BRUSSELS • The days in paradise may be numbered for those seeking refuge from heavy tax burdens in remote islands.
Finance ministers representing the world's largest market have vowed to take action following the leak of records exposing prominent members of the global business A-list.
"We will examine the new documents and will discuss the consequences this has for upcoming EU legislation," acting German Finance Minister Peter Altmaier said on Monday ahead of a meeting with his euro-area counterparts.
"We will take a very close look at this," he said, referring to the so-called "Paradise Papers" reports by the International Consortium of Investigative Journalists and partner news outlets.
The new set of data, taken from an offshore law firm again, exposes the hidden wealth of individuals and shows how corporations, hedge funds and investors may have skirted taxes.
A year after the Panama Papers, this new massive leak of confidential information, mostly from the Bermuda law firm Appleby Group Services, has shone another light on the use of offshore accounts.
The Paradise Papers put "renewed emphasis on the work which the European Commission is doing to fight tax avoidance", Mr Valdis Dombrovskis, vice-president of the bloc's executive arm, told reporters in Brussels.
The bloc's anti-trust chief, Ms Margrethe Vestager, agreed, saying in a tweet that the leaks enable "the work against tax avoidance, for transparency".
The European Union has been working on finalising a so-called blacklist of uncooperative tax jurisdictions by the end of the year. This list of tax havens were due to be discussed at a meeting of EU finance ministers yesterday. While the discussion was originally planned for a December meeting, the matter was put on the agenda following the Paradise Papers revelations.
"A blacklist is always a difficult exercise," Luxembourg's Finance Minister Pierre Gramegna said on his way into the meeting yesterday. "It is an EU initiative that we have to agree together and we stand behind this idea."
A common EU list will set out all the jurisdictions the bloc's countries essentially deem to be tax havens. The bloc hopes the list will work primarily through a reputational incentive, forcing countries to become cooperative in order to avoid being "named and shamed".
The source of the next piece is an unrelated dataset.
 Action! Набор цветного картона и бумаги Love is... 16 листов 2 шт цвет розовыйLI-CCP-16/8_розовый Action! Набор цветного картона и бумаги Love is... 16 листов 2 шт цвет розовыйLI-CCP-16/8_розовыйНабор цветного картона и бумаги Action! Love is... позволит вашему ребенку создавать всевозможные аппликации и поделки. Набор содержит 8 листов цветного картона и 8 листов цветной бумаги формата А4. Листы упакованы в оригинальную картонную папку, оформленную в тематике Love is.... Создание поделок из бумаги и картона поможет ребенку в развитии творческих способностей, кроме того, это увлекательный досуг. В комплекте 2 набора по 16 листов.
However, if the countries remain persistently uncooperative, the EU hopes to have some credible sanctions too.
The bloc has stepped up its efforts in recent years to tackle tax avoidance and evasion by multinational companies and wealthy individuals.
While politically contentious, the blacklist has received fresh impetus following successive revelations which shed light on such practices and drew public outrage.
Austrian Finance Minister Hans Joerg Schelling said: "If one tax oasis closes, another one opens. We should toughen measures."
He added that those who do not participate in rules set by the Organisation for Economic Cooperation and Development, "be it on information exchange or other measures", should automatically be put on a blacklist so that everyone becomes willing to close these tax loopholes.